[[ INFORMATION SHOWN, beginning ]]

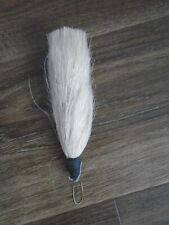 Grenadier guards white for sale  BENFLEET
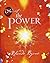 The Power by Rhonda Byrne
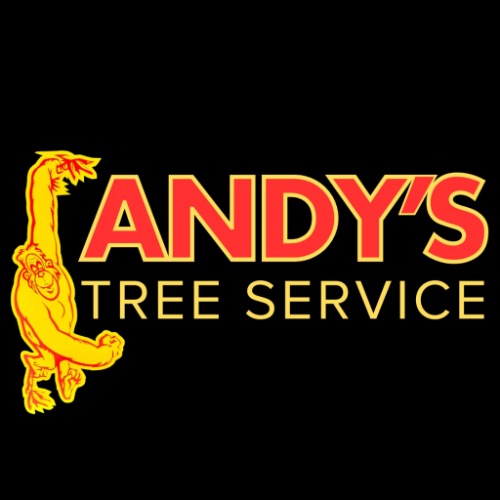 Andy's Tree Service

[[ INFORMATION SHOWN, end ]]

TASK PROMPT →
Please write every line above out exactly as given, except for any pictures.

SOLUTION BELOW →
 Grenadier guards white for sale  BENFLEET
 The Power by Rhonda Byrne
 Andy's Tree Service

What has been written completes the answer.